(INFORMATION GIVEN)

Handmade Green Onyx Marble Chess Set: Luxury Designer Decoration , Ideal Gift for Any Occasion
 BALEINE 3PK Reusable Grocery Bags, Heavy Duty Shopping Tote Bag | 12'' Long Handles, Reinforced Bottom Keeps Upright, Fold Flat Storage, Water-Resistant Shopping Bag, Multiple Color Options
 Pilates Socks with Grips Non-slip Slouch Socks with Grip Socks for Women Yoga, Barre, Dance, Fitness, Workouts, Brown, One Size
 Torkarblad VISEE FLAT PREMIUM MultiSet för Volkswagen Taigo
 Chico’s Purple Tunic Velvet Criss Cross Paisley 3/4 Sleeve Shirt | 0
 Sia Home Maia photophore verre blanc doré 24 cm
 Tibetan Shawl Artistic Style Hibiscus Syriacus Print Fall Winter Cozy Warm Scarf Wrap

(End INFORMATION GIVEN)

### EXERCISE REQUIREMENTS
The line with "Chico’s Purple Tunic", plus every line after it through the end of the listing, needs to be repeated exactly; nothing else belongs in the reply.

### RESPONSE AREA
 Chico’s Purple Tunic Velvet Criss Cross Paisley 3/4 Sleeve Shirt | 0
 Sia Home Maia photophore verre blanc doré 24 cm
 Tibetan Shawl Artistic Style Hibiscus Syriacus Print Fall Winter Cozy Warm Scarf Wrap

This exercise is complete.